* [EXERCISE AIM] Return the lines of the listing below exactly as they appear, beginning at the one with "Mr.ego Mattress Vacuum" and stopping after the one with "VERY J - Vendita"; do not include pictures.

* [DATA PROVIDED]

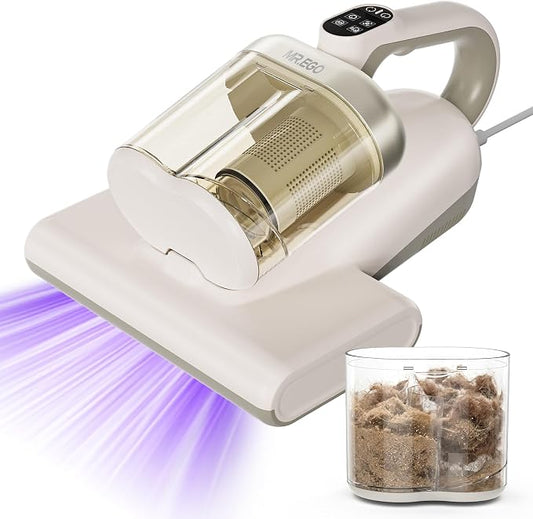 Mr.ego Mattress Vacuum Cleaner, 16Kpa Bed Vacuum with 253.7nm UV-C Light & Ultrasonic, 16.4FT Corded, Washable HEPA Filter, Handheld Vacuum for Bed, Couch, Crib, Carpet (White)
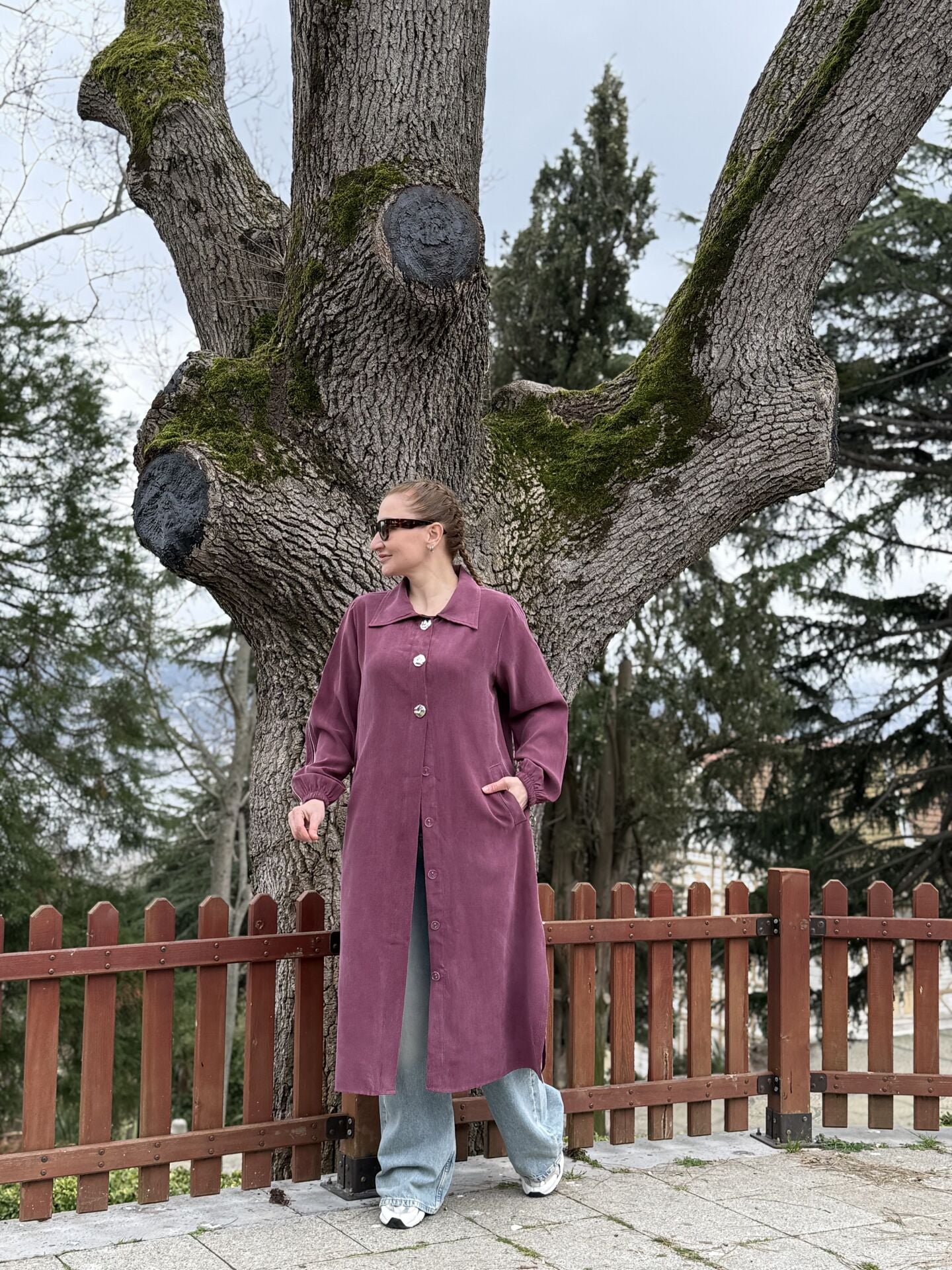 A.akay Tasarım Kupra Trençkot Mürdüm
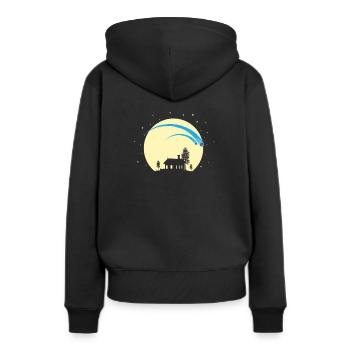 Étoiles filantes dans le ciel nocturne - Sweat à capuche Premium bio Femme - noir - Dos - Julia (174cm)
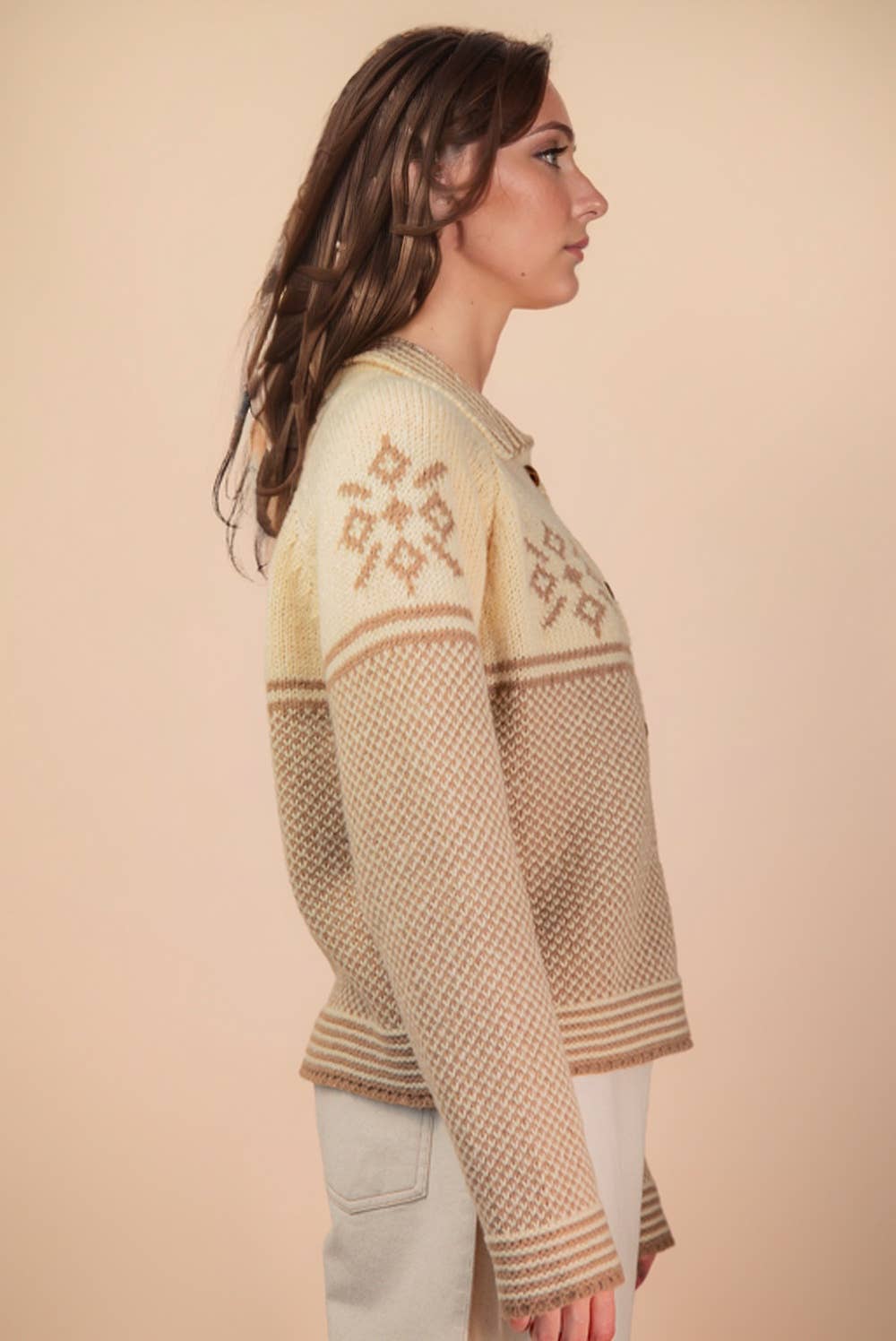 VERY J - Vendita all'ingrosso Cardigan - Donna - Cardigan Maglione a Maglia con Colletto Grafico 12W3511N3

...

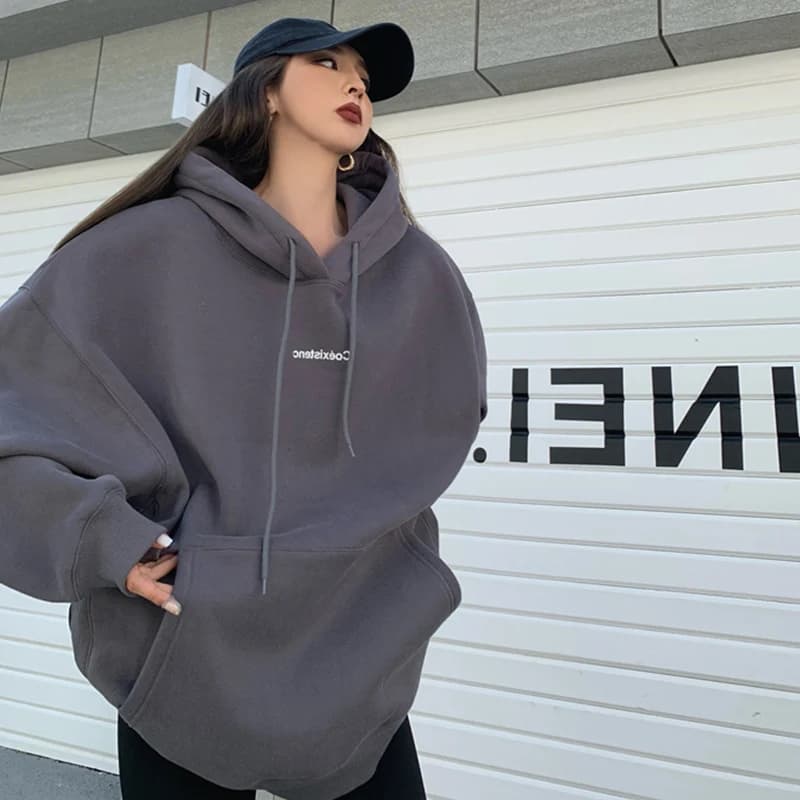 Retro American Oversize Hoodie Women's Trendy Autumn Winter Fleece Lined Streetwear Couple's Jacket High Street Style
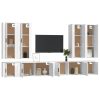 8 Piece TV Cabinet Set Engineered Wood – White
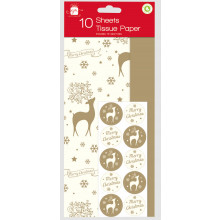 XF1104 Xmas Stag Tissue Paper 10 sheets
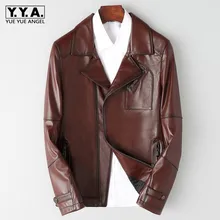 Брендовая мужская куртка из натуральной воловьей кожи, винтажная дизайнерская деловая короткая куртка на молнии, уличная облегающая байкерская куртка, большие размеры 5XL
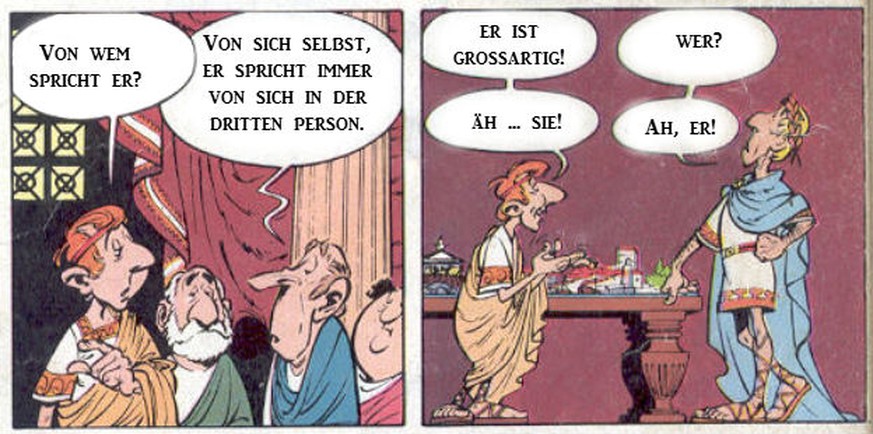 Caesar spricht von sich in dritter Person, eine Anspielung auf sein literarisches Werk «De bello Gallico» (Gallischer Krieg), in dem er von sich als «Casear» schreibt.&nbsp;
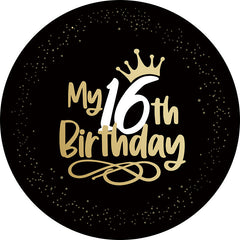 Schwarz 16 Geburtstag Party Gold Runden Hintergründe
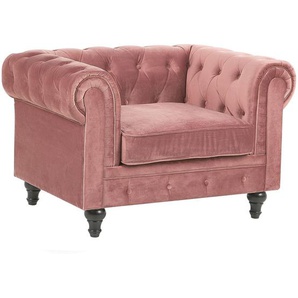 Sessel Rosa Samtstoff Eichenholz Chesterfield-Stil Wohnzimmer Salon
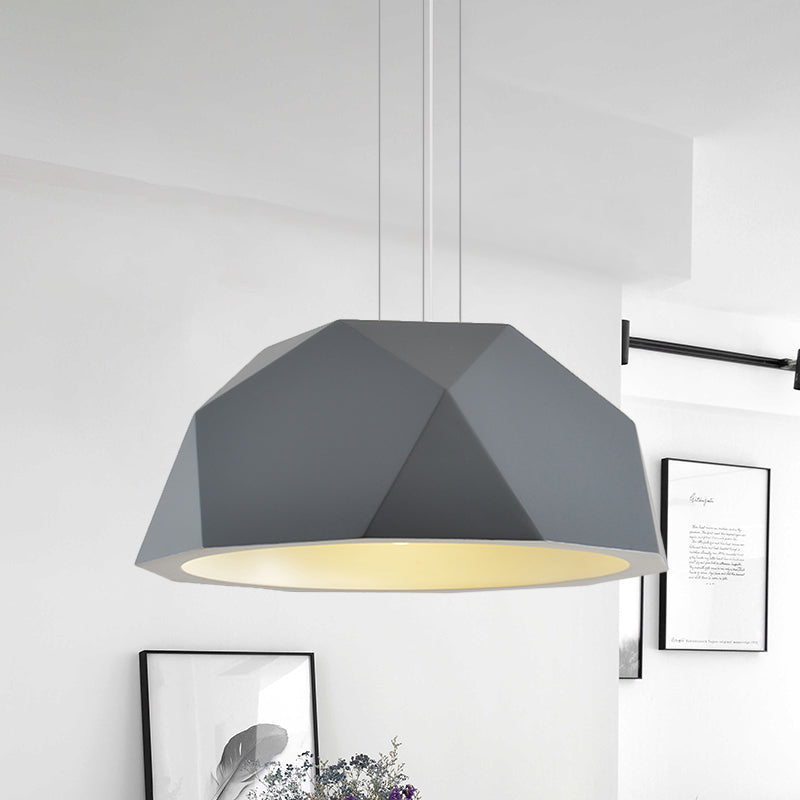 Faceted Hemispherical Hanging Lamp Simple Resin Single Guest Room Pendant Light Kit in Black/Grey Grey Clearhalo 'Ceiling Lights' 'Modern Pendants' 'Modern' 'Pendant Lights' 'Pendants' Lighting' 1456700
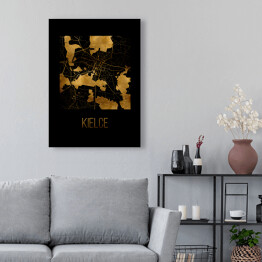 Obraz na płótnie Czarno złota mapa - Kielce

==

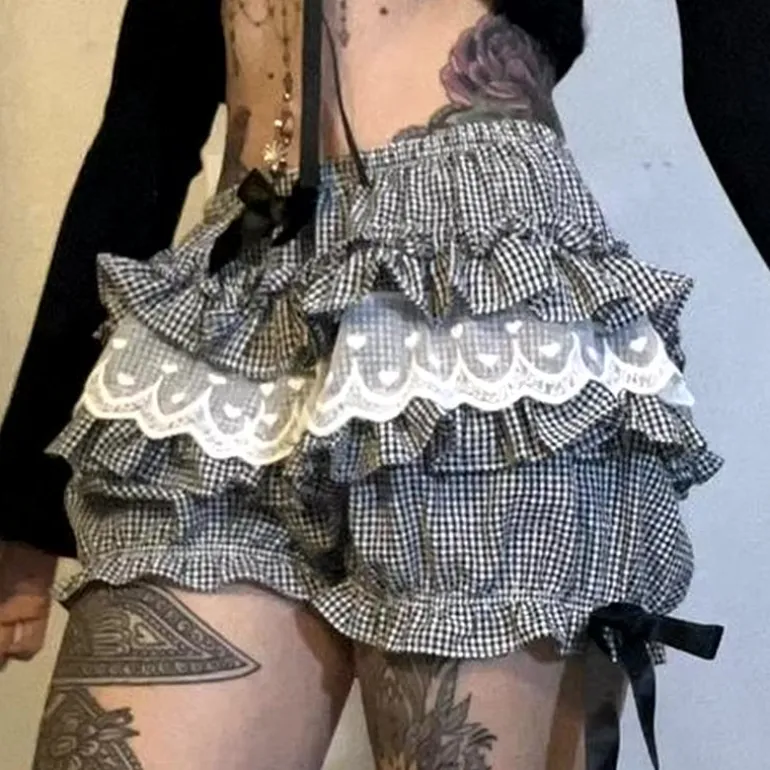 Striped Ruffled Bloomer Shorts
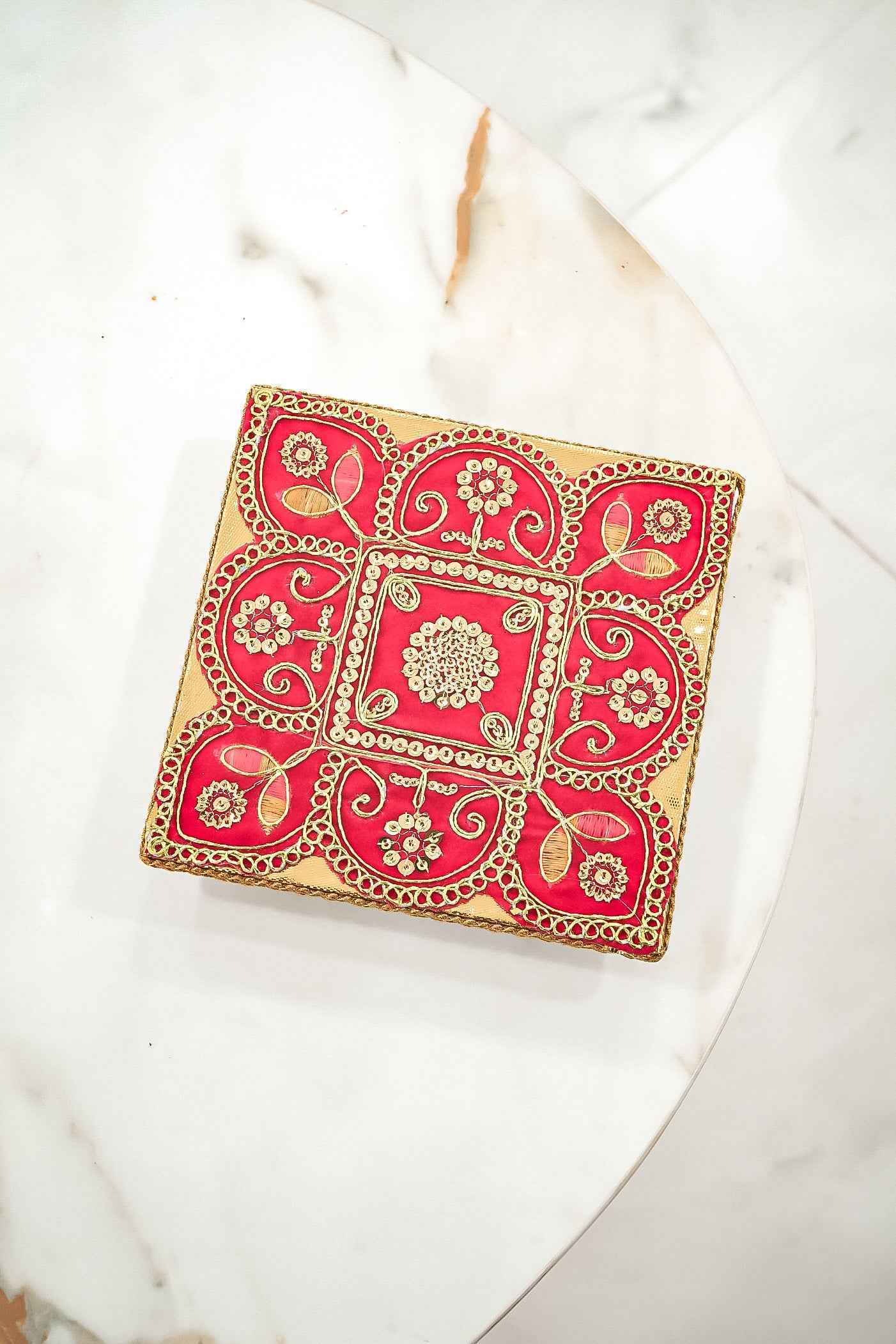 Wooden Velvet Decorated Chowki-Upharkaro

* [SOLVED PROBLEM]
 Mr.ego Mattress Vacuum Cleaner, 16Kpa Bed Vacuum with 253.7nm UV-C Light & Ultrasonic, 16.4FT Corded, Washable HEPA Filter, Handheld Vacuum for Bed, Couch, Crib, Carpet (White)
 A.akay Tasarım Kupra Trençkot Mürdüm
 Étoiles filantes dans le ciel nocturne - Sweat à capuche Premium bio Femme - noir - Dos - Julia (174cm)
 VERY J - Vendita all'ingrosso Cardigan - Donna - Cardigan Maglione a Maglia con Colletto Grafico 12W3511N3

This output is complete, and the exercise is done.